Unexpected phonon-transport properties of stanene among 2D group-IV materials from \textit{ab initio}

TL;DR

This study reveals that stanene exhibits unexpectedly high lattice thermal conductivity among 2D group-IV materials due to a large acoustic-optical phonon gap and phonon bunching, challenging previous assumptions about its thermal properties.

Contribution

The paper provides a detailed ab initio analysis showing the influence of buckled structure and phonon band features on thermal conductivity in stanene, highlighting mechanisms that enhance phonon transport.

Findings

Stanene has higher thermal conductivity than germanene despite expectations.

A large acoustic-optical phonon gap reduces phonon scattering in stanene.

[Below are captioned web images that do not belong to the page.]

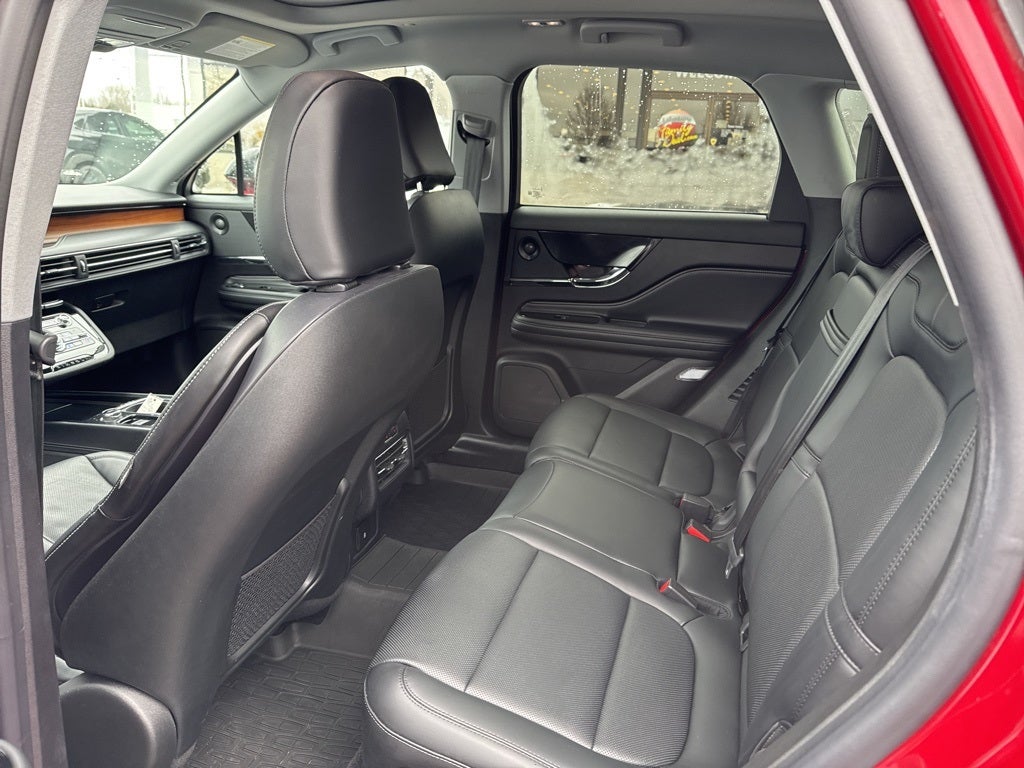 2022 Lincoln Corsair Reserve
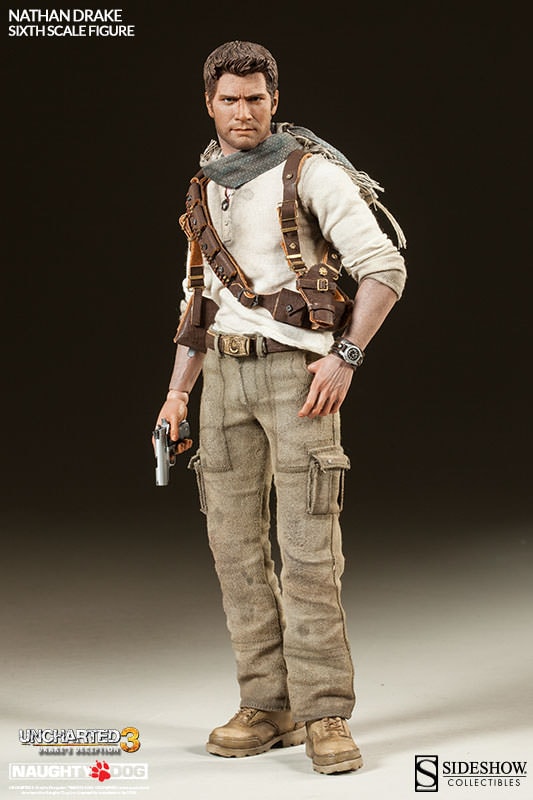 Nathan Drake Collector Edition 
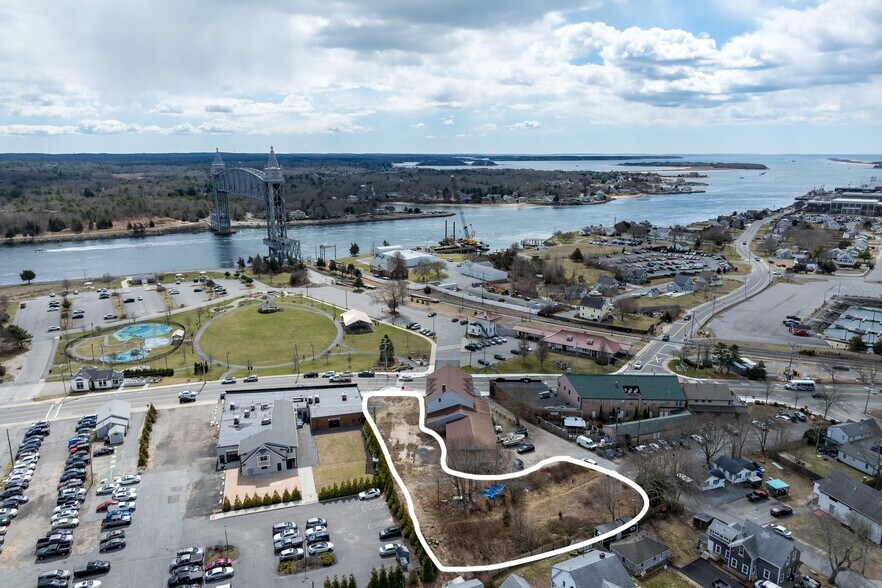 More Photos Of 69-73 Main St, Bourne Land For Sale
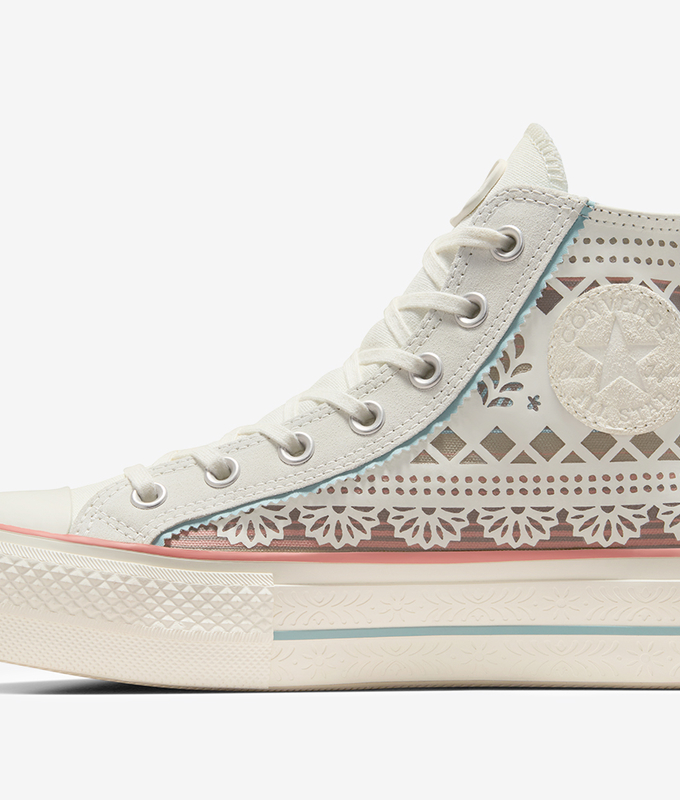 Chuck Taylor All Star Lift High Day Of The Dead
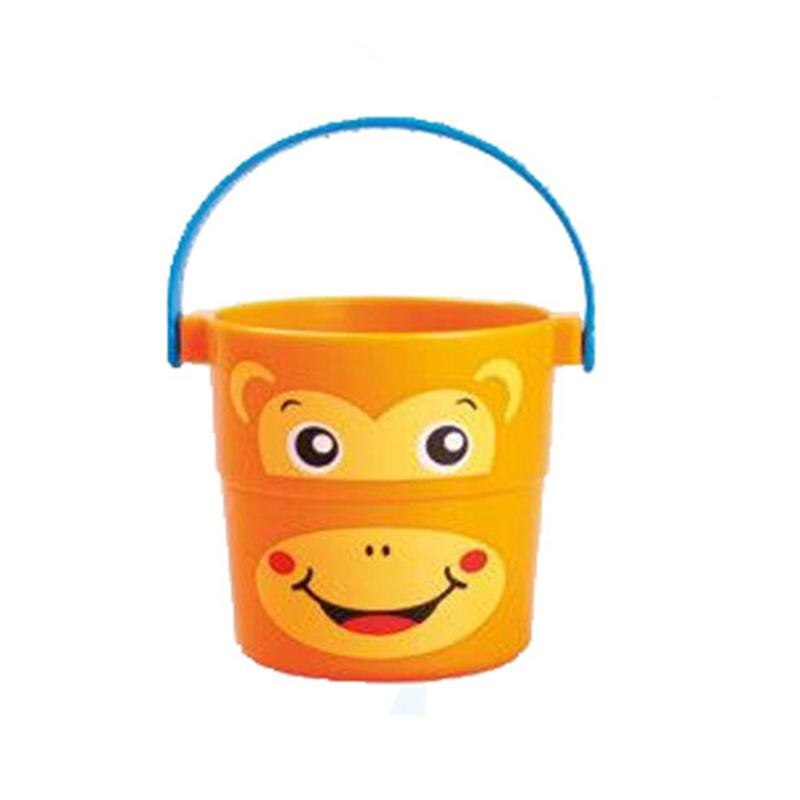 Juguetes de baño en forma de Animal para bebés, apilar y apilar cubos, juego de baño, herramienta de agua, bañera para niños, 4 Uds.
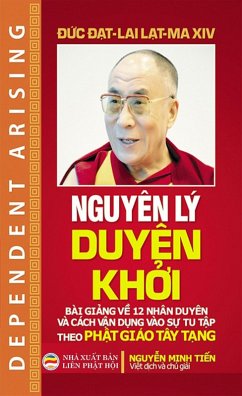 Cover Nguyên Lý Duyên Kh¿i (M¿t tông Tây T¿ng, #13) (eBook, ePUB)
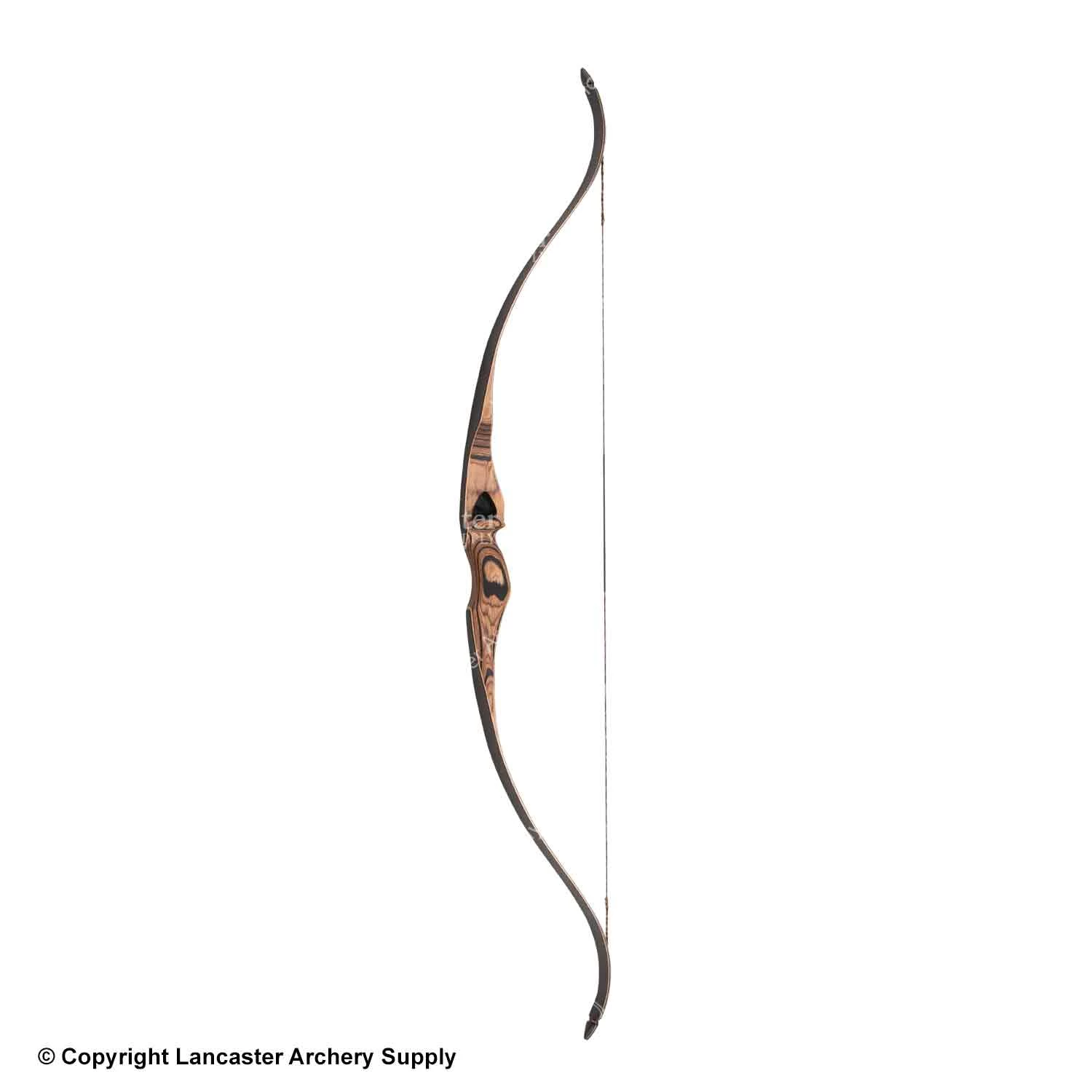 Buck Trail Wolverine 52" Traditional Recurve Bow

Buckled structure causes a competing effect on phonon transport.

Abstract

It has been argued that stanene has lowest lattice thermal conductivity among 2D group-IV materials because of largest atomic mass, weakest interatomic bonding, and enhanced ZA phonon scattering due to the breaking of an out-of-plane symmetry selection rule. However, we show that although the lattice thermal conductivity $\kappa$ for graphene, silicene and germanene decreases monotonically with decreasing Debye temperature, unexpected higher $\kappa$ is observed in stanene. By enforcing all the invariance conditions in 2D materials and including Ge $3d$ and Sn $4d$ electrons as valence electrons for germanene and stanene respectively, the lattice dynamics in these materials are accurately described. A large acoustic-optical gap and the bunching of the acoustic phonon branches significantly reduce phonon scattering in stanene, leading to higher thermal conductivity than germanene. The vibrational origin of the acoustic-optical gap can be attributed to the buckled structure. Interestingly, a buckled system has two competing influences on phonon transport: the breaking of the symmetry selection rule leads to reduced thermal conductivity, and the enlarging of the acoustic-optical gap results in enhanced thermal conductivity. The size dependence of thermal conductivity is investigated as well. In nanoribbons, the $\kappa$ of silicene, germanene and stanene is much less sensitive to size effect due to their short intrinsic phonon mean free paths. This work sheds light on the nature of phonon transport in buckled 2D materials.